[PATCH] D129073: [AMDGPU] Combine s_or_saveexec, s_xor instructions.

Wed Jul 20 01:46:48 PDT 2022

tsymalla marked 6 inline comments as done.
tsymalla added inline comments.

================
Comment at: llvm/lib/Target/AMDGPU/SIOptimizeExecMasking.cpp:751-754
+      // Peek at the next instruction and check if this is a relevant
+      // s_xor.
+      MachineInstr &PossibleXor = *MI.getNextNode();
+      if (PossibleXor.getOpcode() == XorOpcode) {
----------------
nhaehnle wrote:
> This is sort of backwards. When matching code for this kind of combine, the general pattern is to start from the definition of the final value you want to rewrite.

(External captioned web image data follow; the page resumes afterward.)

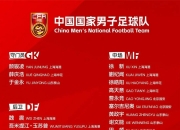 乐动体育登录-关于谁说中超和中甲水平低，中国香港队征战东亚杯，有多人的信息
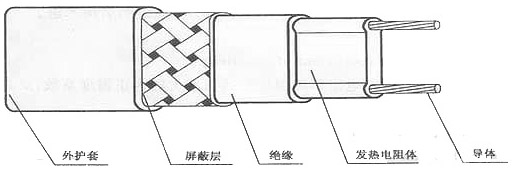 具體外形結(jié)構(gòu)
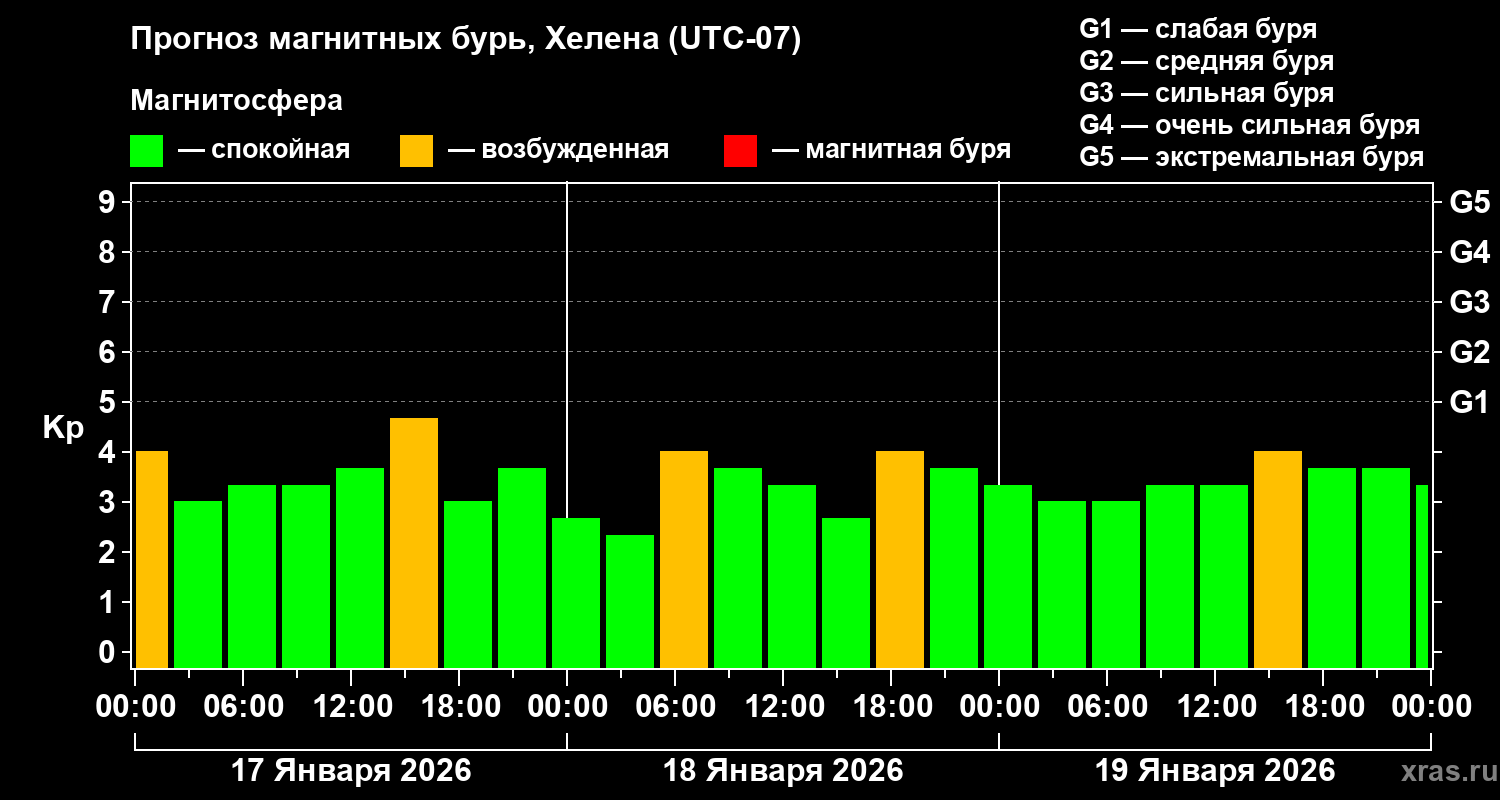 Прогноз геомагнитного индекса&nbsp;Kp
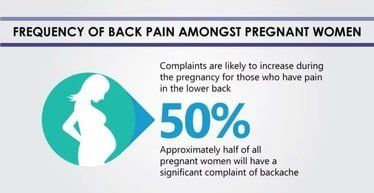 statistic on back pain during pregnancy shown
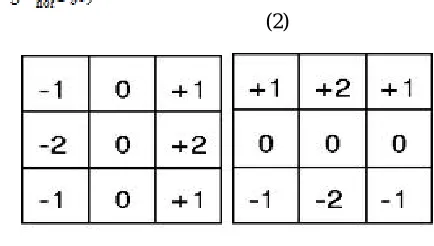 Figure 2 Block Diagram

In this case, that would be the S_XOR. You can see the approach taken in findPossibleVCMPVCMPXOptimization, using findInstrBackwards.
But wouldn't this cause more work to do? I think it's more likely to first find a S_XOR instruction which the compiler could use as start point for looking for the s_or_saveexec. The issue is, that we basically would require to stop at a lot of s_xor and see if the instruction before is a eligible s_or_saveexec instruction. The amount of checks would be reduced if we could first stop at the s_or_saveexec instruction and _then_ look at the s_xor instruction.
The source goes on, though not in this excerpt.